|Court:||Delaware Court of Chancery|
|Case Leaders:||Mark Lebovitch, Jeroen van Kwawegen, Edward G. Timlin|
On March 20, 2014, BLB&G, on behalf of Pipefitters Local 636 Defined Benefit Fund (“Pipefitters”), filed a verified class action complaint in the Delaware Court of Chancery against the board of directors (the "Board”) of Safeway Inc. (“Safeway” or the “Company”) and Cerberus Capital Management, L.P., and its affiliates (“Cerberus”) relating to the private equity sale of the Company to Cerberus. Under the terms of the proposed transaction, each Safeway share will receive $32.50 in cash and contingent value rights (CVRs) for certain investments and real estate assets that Safeway contemplates selling in connection with the merger. The complaint alleged that the Board breached its fiduciary duties to Safeway’s shareholders, including, inter alia, by agreeing to accept CVRs without adequately ensuring that the CVRs would inure to the benefit of Safeway shareholders and by maintaining a shareholder rights plan (a “poison pill”) to unreasonably protect the proposed transaction against potential alternative bidders. A copy of the complaint can be found here.
On April 8, 2014 Vice Chancellor Laster appointed Pipefitters as co-lead plaintiff and BLBG co-lead counsel for the proposed class of Safeway shareholders who were harmed by the Board’s alleged breaches of duty. Following expedited discovery, including the production, review and analysis of numerous documents and valuation analyses as well as depositions of members of the Board and corporate representatives of the Board’s financial advisors and Cerberus, the parties engaged in arm’s-length negotiations concerning a possible settlement of the action. The parties entered into an agreement in principle to settle the Action that was memorialized in a memorandum of understanding (the “MOU”) on June 13, 2014 and in a Stipulation and Agreement of Settlement (the “Stipulation”) on July 14, 2014. Copies of the MOU and the Stipulation can be found here and here.
Pursuant to the Settlement, among other things, Defendants have agreed to withdraw the poison pill and to make adjustments to the CVRs. Before the Settlement, Cerberus agreed to pay holders of CVRs: (1) the proceeds of the sale of properties held by Safeway’s Properties Development Centers LLC (“PDC”) that are sold within two years of the closing of the transaction; and (2) the proceeds of the sale of Safeway’s 49% interest in the Casa Ley grocery chain if it is sold within four years of the closing the transaction. Before the Settlement, any PDC properties not sold within two years would have been retained by Safeway (by then owned by Cerberus) without payment to Safeway’s former shareholders who received PDC CVRs. If Safeway’s minority interest in Casa Ley was not sold, Safeway would have paid holders of the Casa Ley CVR the estimated “fair market value” for this interest, as adjusted for Safeway’s minority ownership and the marketability of Safeway’s interest.
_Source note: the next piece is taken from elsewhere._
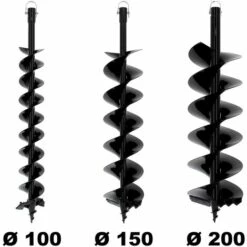 SURICUT Lot De Mèches SEMI-PROFESSIONNELLES Ø 100 + 150 + 200 Mm Pour Tarière Thermique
As part of the Settlement, Defendants have agreed to: (1) pay former Safeway shareholders who hold PDC CVRs the appraised value for all PDC properties that are not sold within two years of the closing of the transaction; and (2) pay holders of Casa Ley CVRs the “fair value” of Safeway’s interest in Casa Ley without minority and marketability discounts if this interest is not sold within three years of the closing of the transaction.
BLB&G and other co-lead counsel worked with a financial expert throughout the litigation and in negotiating the terms of the settlement. The financial expert has concluded that by changing the Casa Ley CVR in order to ensure that CVR holders will receive “fair value” of Safeway’s 49% interest in Casa Ley – with no discounts for Safeway’s minority status and the lack of marketability of Safeway’s minority interest – if Safeway’s interest is not sold within three years from the closing of the transaction, the value of the transaction to Safeway stockholders increases by at least $80 million and potentially higher figures. Because the PDC CVR did not provide any assurance of a monetization event if the underlying properties were not sold within two years, the financial expert has concluded that the improvements to the PDC CVR by guaranteeing that any unsold properties will be appraised and the value of those properties will be distributed to former Safeway shareholders who hold PDC CVRs, potentially increase the value of the transaction by amounts well in excess of the improvements to the Casa Ley CVR.
On July 16, 2014, the Court approved the Notice of Settlement, which can be found here, and entered a Settlement Scheduling Order, which can be found here. On September 17, 2014 a final settlement hearing was held and the Court approved the Class Action Settlement.